I just read “The History of Common Vulnerabilities and Exposures (CVE)” by Ary Widdes from Tripwire and found it to be a great summary of the 20+ years of the program. I say that as an outspoken CVE and MITRE critic even! I do have a couple of objections however, with the conclusion, and then a fun bounty!
Widdes concludes the history by saying:
A lot has changed in the 21 years since the CVE List’s inception – both in terms of technology and vulnerabilities. Without the CVE List, it’s possible that security professionals would still be using multiple tools from multiple vendors just to ensure complete coverage. It’s also possible that someone else would have created a service similar to the CVE List. Either way, from idea to whitepaper to database, the CVE List has become a core part of vulnerability and patch management.
There’s a lot to unpack here so I will take it one sentence at a time, starting with the second.
“Without the CVE List, it’s possible that security professionals would still be using multiple tools from multiple vendors just to ensure complete coverage.”
No, there is no “possible” here. That is a simple reality with an important caveat. The reality is that teams of all types still use multiple tools from multiple vendors to do their job. The caveat, and more to the point of that sentence, is that CVE doesn’t offer “complete coverage” and many of the vulnerability scanners only cover a third of the issues in CVE for various reasons. Even using a combination of firewalls, vulnerability scanners, intrusion detection/prevention, audits, and a slew of other tools, organizations are likely seeing half of what CVE has to offer at best. Widdes’ conclusion here gives undue credit to CVE and the state of vulnerability coverage it offers.

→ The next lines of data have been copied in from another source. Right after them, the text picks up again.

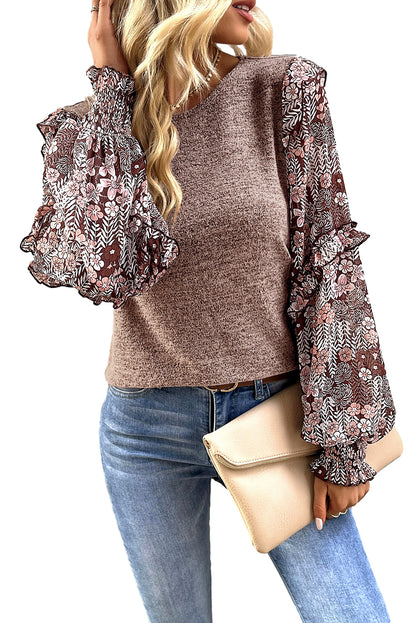 Ruffle Tiered Floral Sleeve Crew Neck Blouse | Pale Chestnut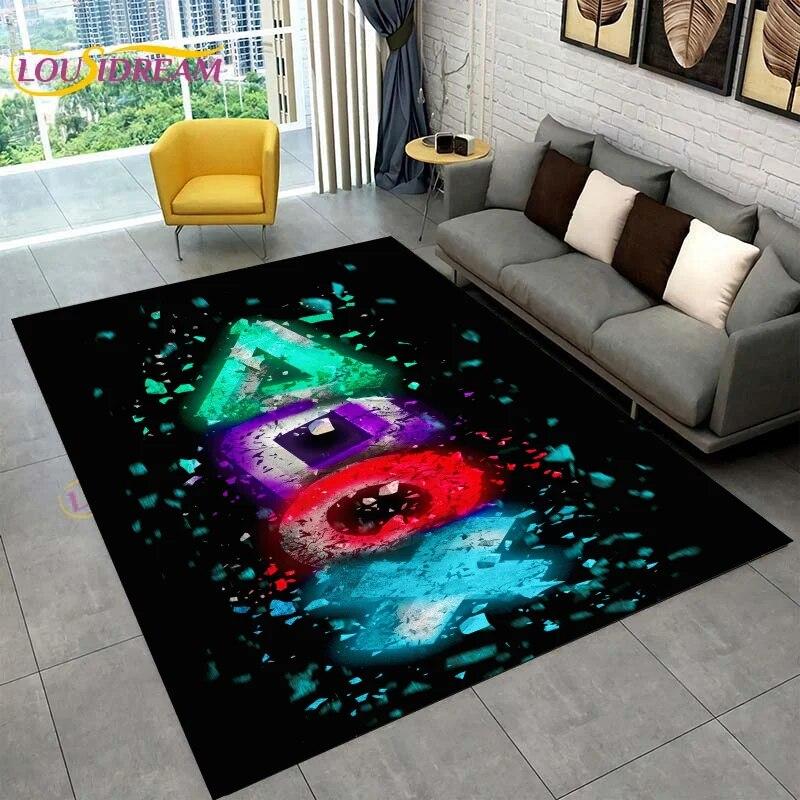 Cartoon Gamer Game Controller Area Rugs,Large Carpet Rug for Living Room Children's Room,Kids Play Crawl Non-slip Floor Mat Gift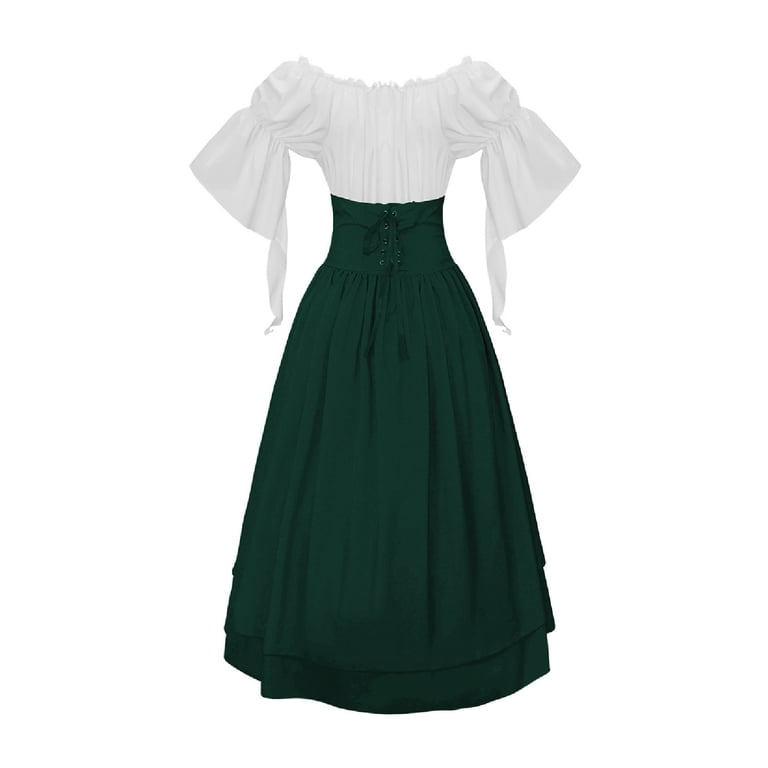 CGMDTZ Renaissance Peasant Dress for Women, Off Shoulder Ruffle Sleeve Blouse and Corset Skirt, Medieval Costume Outfit, Women's, Size: Large CGMDTZ Renaissance Peasant Dress for Women, Off Shoulder Ruffle Sleeve Blouse and Corset Skirt, Medieval Costume Outfit, Women's, Size: Large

It’s also possible that someone else would have created a service similar to the CVE List.
This is where the vulnerability historian in me wants to rage a bit. This statement is unequivocally false for the simple reason that vulnerability databases existed before CVE, both free (e.g. X-Force) and commercial (e.g. RSI), in 1997 alone . The first vulnerability database was created in 1973, specific to Multics, but also when there weren’t that many other systems to catalog bugs or vulnerabilities in. In 1983 we saw the Mt Xinu Bug List and in 1985 Matt Bishop’s List of UNIX Holes, both of which were more comprehensive than one platform. If we consider a vulnerability database implemented via product, we had ISS, SATAN, Ballista, and Nessus between 1995 and the creation of CVE in 1999. Many of the hackers turned security professionals may fondly remember Fyodor’s Exploit World (1996 – 1998) from both aspects of their lives. Those same folks probably also remember Packet Storm (1998) which is still running today.
Either way, from idea to whitepaper to database, the CVE List has become a core part of vulnerability and patch management.

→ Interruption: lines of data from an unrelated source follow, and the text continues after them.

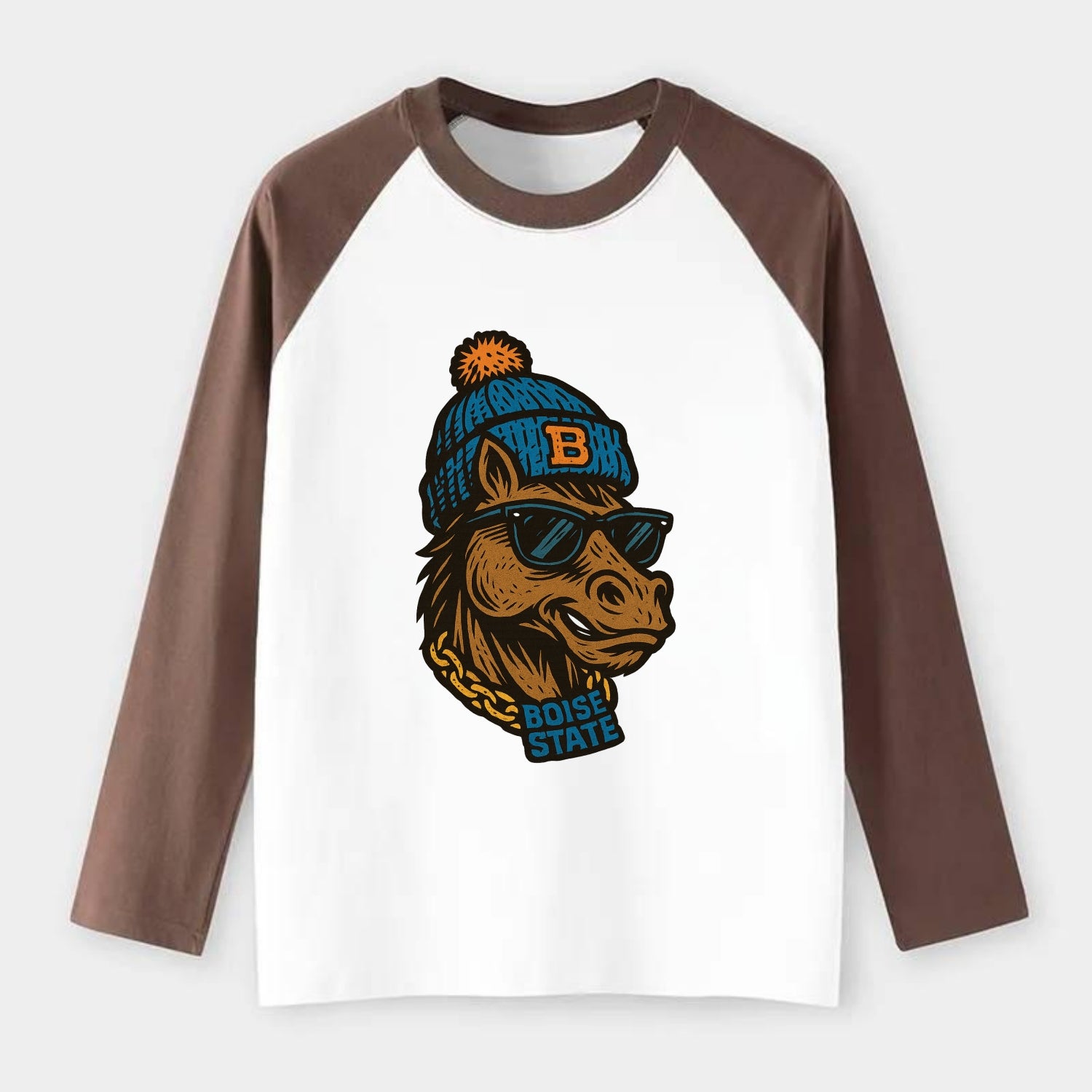 Boise Bronco wearing Boise State beanie with B patch - Raglan Long Sleeve T-Shirt - Coffee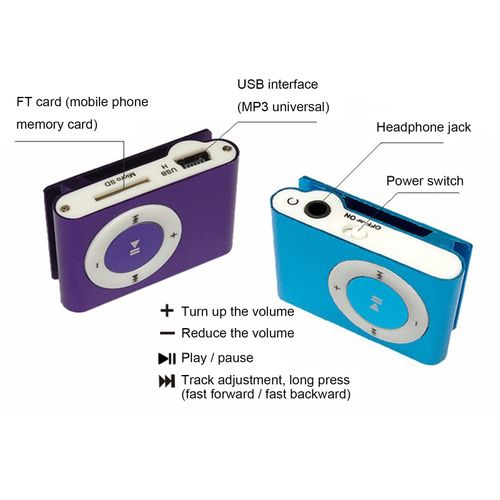 Mini Portable USB MP3 Player Mini Clip MP3 Waterproof Sport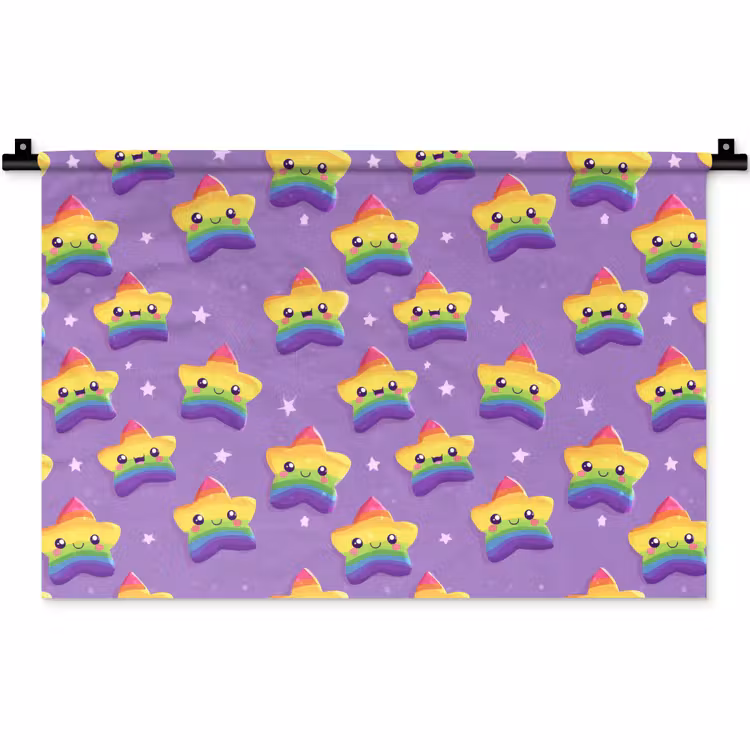 Wandkleed - Sterren - Regenboog - Paars — 1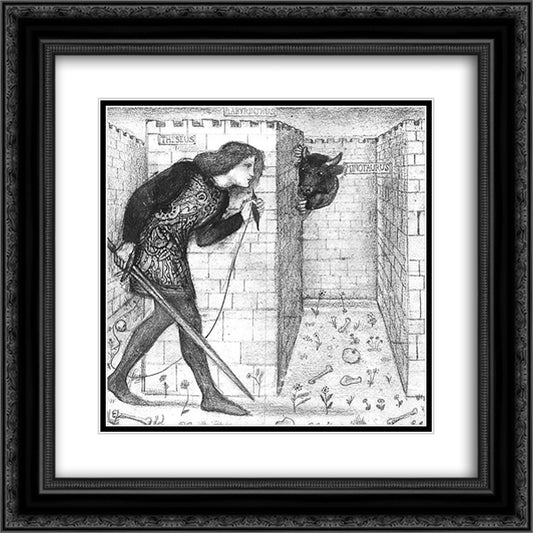 Theseus 20x20 Black Ornate Wood Framed Art Print Poster with Double Matting by Burne Jones, Edward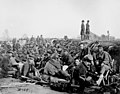 Soldiers in the trenches before battle, Petersburg, Virginia, 1865.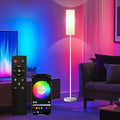 Qaubauyt Smart LED Floor Lamp with APP Control & RGB Colors - Dimmable Standing Lamp for Living Room, Bedroom, Gaming - Remote, Timer, 9W Bulb Included, 67" Modern Tall Lamp (White)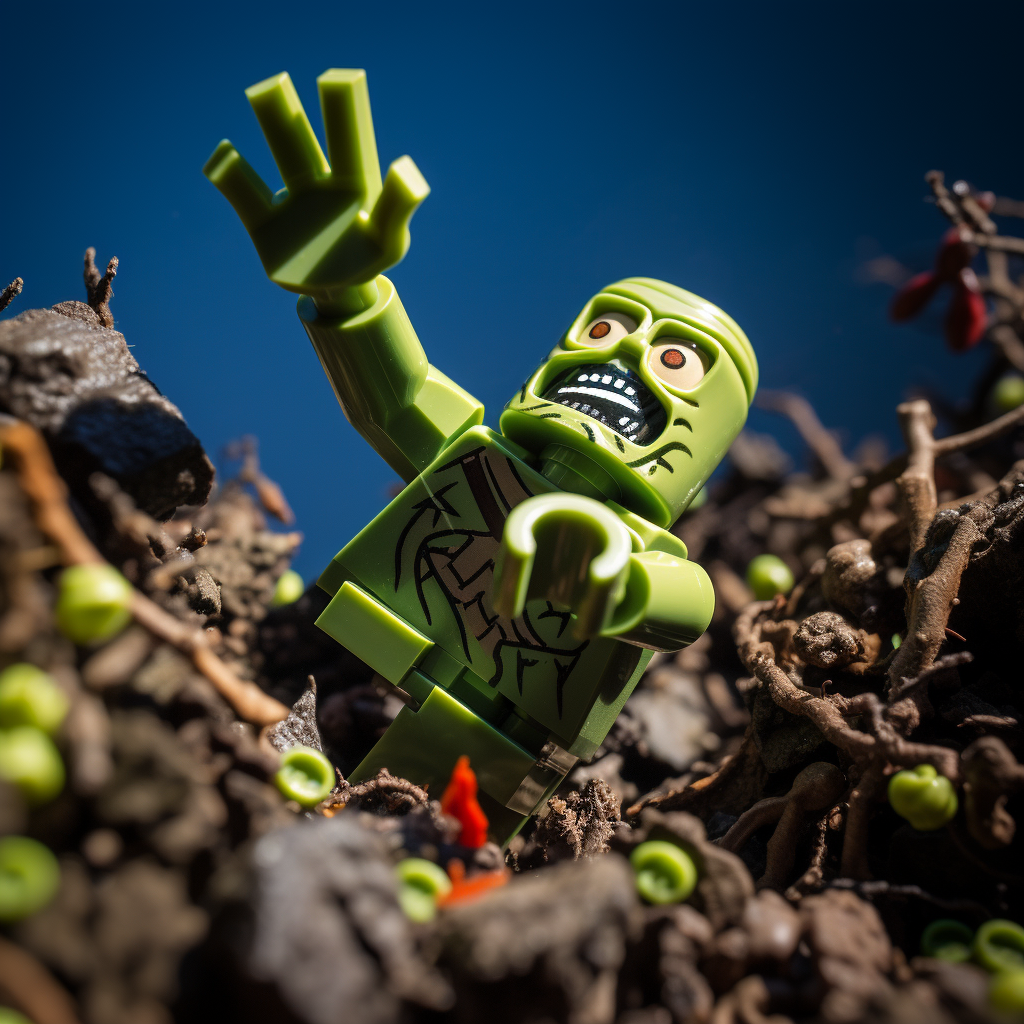 Spooky LEGO zombie arm emerging from the ground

This, unfortunately, is true. I say unfortunately because of my long-standing criticisms of CVE over the past decade, but won’t go into here.

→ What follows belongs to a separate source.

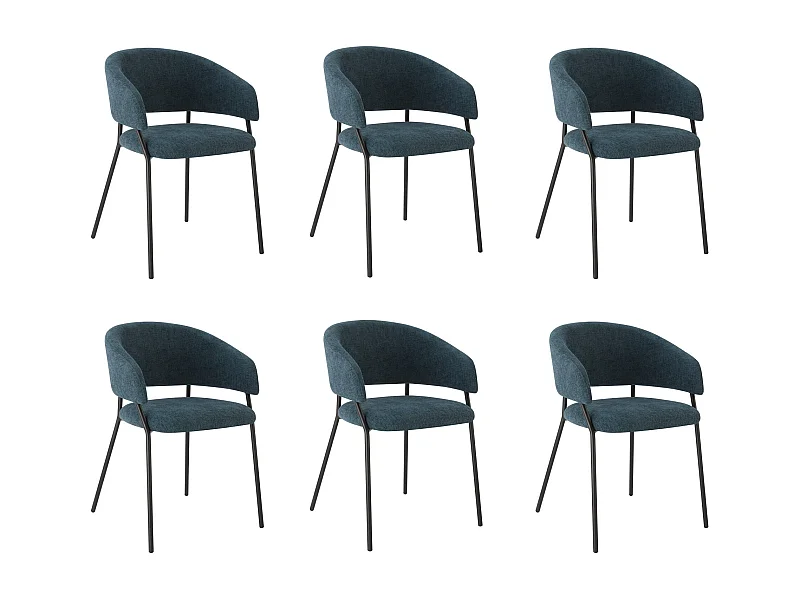 Lot de 6 Chaises de Salle à Manger, Pieds en Métal, Avec Dossier, Style Industriel bleu foncé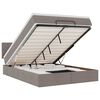 vidaXL Otomanska postelja z vzmetnico & LEDs taupe 140x190 cm blago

If there is anyone at MITRE open to outright bribery, including all-you-can-eat sushi dinners, I will pay a bounty to get my hands on that list of 8,400 submissions! While I know there are likely a lot of duplicates, the vulnerability historian in me would love to audit that data to see if MITRE decided to skip any that would be considered vulnerabilities by today’s standards, or where someone else back then had more knowledge of a vulnerability than was submitted. That data is over twenty years old and was solicited, processed, and partially published with U.S. taxpayer funded money. There’s no reason not to make it public. =)
 The Repent Security Inc. (RSI) database existed in 1997 but may not have been offered as a commercial product until 1998.